ROGER IS HOPELESSLY BIASED, SO HE ASKED HIS 
IMAGINARY FRIEND PROFESSOR PHAEDRUS TO 
GRADE THE PAPERS 

I hope I do not upset anybody with my artistic liberties.  But rather than 
answering myself, I thought I would cut and paste PARAPHRASED quotes right 
out of ZMM and Lila to address David's recent post and the various responses 
to Denis' and my questions.  Admittedly, I have changed some wording, and 
even added a twist or two of my own in places to clarify or to get it to flow 
better.  However, I am not intentionally distorting what I believe the 
fictional Phaedrus would or in many cases basically did say.   

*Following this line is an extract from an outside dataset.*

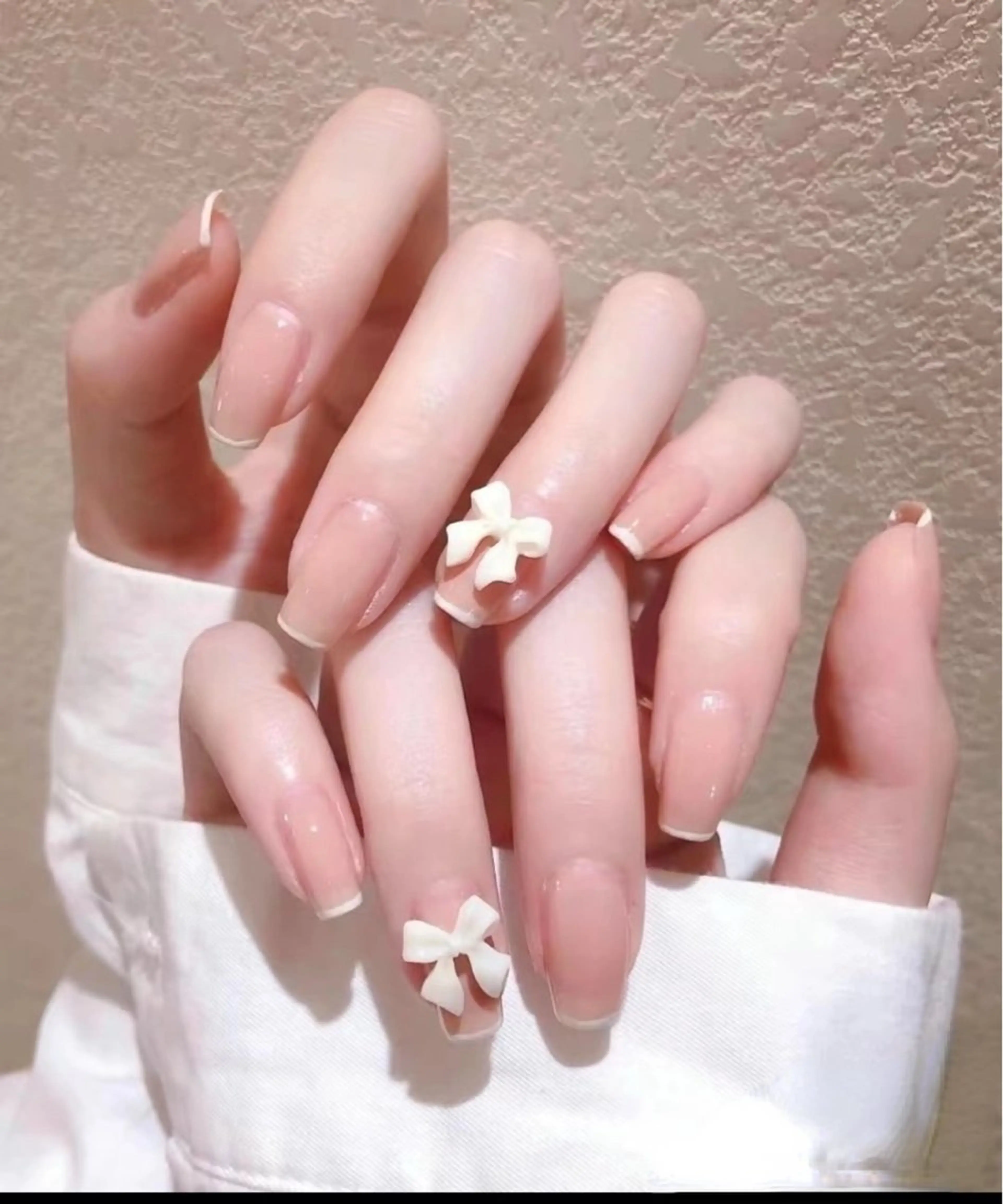 ネイル ハンドネイル べ にのネイルデザイン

With that disclosed, let me mention that my exercise is specifically oriented 
to get people to pull out their copies of Zen and Lila and reacquaint 
themselves with the work.  That is why I list the chapter and paperback page 
number (all quotes are from Zen unless otherwise noted).  There is nothing 
wrong with various members re-inventing or recreating the MOQ.  But they 
should not confuse their metaphysics with the MOQ.  In all fairness, the same 
applies to me, so let me know where I have misunderstood or confused the 
concepts.  How are my versions of what Phaedrus would say different than 
Pirsig's? But please include the same courtesy of references.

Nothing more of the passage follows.